Excerpt from the novel Neuromancer icon-external-link-12x12 icon-search-12x12 by William Gibson icon-external-link-12x12 icon-search-12x12

William Gibson's "Neuromancer" novel art. [Formatted]

     Friday night on Ninsei.
     He passed yakitori stands and massage parlors, a franchised coffee shop called Beautiful Girl, the electronic thunder of an arcade. He stepped out of the way to let a dark-suited sarariman by, spotting the Mitsubishi-Genentech logo tattooed across the back of the man’s right hand.
     Was it authentic? If that’s for real, he thought, he’s in for trouble. If it wasn’t, served him right. M-G employees above a certain level were implanted with advanced microprocessors that monitored mutagen levels in the bloodstream. Gear like that would get you rolled in Night City, rolled straight into a black clinic.
     The sarariman had been Japanese, but the Ninsei crowd was a gaijin crowd. Groups of sailors up from the port, tense solitary tourists hunting pleasures no guidebook listed, Sprawl heavies showing off grafts and implants, and a dozen distinct species of hustler, all swarming the street in an intricate dance of desire and commerce.
     There were countless theories explaining why Chiba City tolerated the Ninsei enclave, but Case tended toward the idea that the Yakuza might be preserving the place as a kind of historical park, a reminder of humble origins. But he also saw a certain sense in the notion that burgeoning technologies require outlaw zones, that Night City wasn’t there for its inhabitants, but as a deliberately unsupervised playground for technology itself.
     Was Linda right, he wondered, staring up at the lights? Would Wage have him killed to make an example? It didn’t make much sense, but then Wage dealt primarily in proscribed biologicals, and they said you had to be crazy to do that.
     But Linda said Wage wanted him dead. Case’s primary insight into the dynamics of street dealing was that neither the buyer nor the seller really needed him. A middleman’s business is to make himself a necessary evil. The dubious niche Case had carved for himself in the criminal ecology of Night City had been cut out with lies, scooped out a night at a time with betrayal.
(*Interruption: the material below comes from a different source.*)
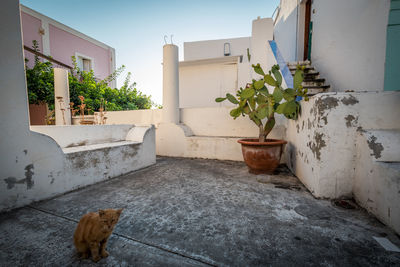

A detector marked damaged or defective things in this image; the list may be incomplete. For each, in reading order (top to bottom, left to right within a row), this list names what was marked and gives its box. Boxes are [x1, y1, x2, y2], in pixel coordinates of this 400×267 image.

peeling plaster [308, 132, 326, 160]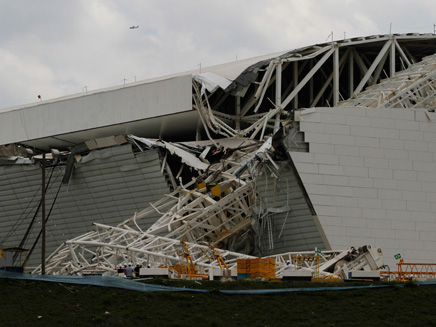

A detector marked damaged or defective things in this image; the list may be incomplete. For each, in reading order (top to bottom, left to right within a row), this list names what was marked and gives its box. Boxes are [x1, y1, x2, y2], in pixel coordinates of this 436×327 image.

Now, sensing that its walls were starting to crumble, he felt the edge of a strange euphoria.
     The week before, he’d delayed transfer of a synthetic glandular extract, retailing it for a wider margin than usual. He knew Wage hadn’t liked that. Wage was his primary supplier, nine years in Chiba and one of the few gaijin dealers who’d managed to forge links with the rigidly stratified criminal establishment beyond Night City’s borders. Genetic materials and hormones trickled down to Ninsei along an intricate ladder of fronts and blinds. Somehow Wage had managed to trace something back, once, and now he enjoyed steady connections in a dozen cities.
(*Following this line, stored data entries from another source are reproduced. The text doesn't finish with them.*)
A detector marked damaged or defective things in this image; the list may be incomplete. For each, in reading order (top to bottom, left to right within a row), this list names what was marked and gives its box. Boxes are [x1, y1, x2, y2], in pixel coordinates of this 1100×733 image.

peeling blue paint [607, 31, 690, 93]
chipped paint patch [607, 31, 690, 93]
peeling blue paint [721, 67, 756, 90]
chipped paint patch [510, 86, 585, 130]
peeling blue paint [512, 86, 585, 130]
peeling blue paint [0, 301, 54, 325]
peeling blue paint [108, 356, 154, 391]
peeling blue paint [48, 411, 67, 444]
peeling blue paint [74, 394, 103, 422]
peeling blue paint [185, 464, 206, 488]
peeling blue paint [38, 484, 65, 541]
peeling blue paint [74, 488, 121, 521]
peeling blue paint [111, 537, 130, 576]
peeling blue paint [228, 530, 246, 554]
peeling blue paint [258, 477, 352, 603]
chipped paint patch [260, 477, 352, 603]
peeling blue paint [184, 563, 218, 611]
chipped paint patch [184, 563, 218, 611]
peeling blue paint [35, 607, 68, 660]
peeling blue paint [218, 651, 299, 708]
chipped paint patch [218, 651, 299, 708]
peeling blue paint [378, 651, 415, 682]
     Case found himself staring through a shop window. The place sold small bright objects to the sailors. Watches, flicknives, lighters, pocket VTRs, simstim decks, weighted manriki chains, and shuriken. The shuriken had always fascinated him, steel stars with knife-sharp points. Some were chromed, others black, others treated with a rainbow surface like oil on water. But the chrome stars held his gaze. They were mounted against scarlet ultrasuede with nearly invisible loops of nylon fishline, their centers stamped with dragons or yinyang symbols. They caught the street’s neon and twisted it, and it came to Case that these were the stars under which he voyaged, his destiny spelled out in a constellation of cheap chrome.
     “Julie,” he said to his stars. “Time to see old Julie. He’ll know.”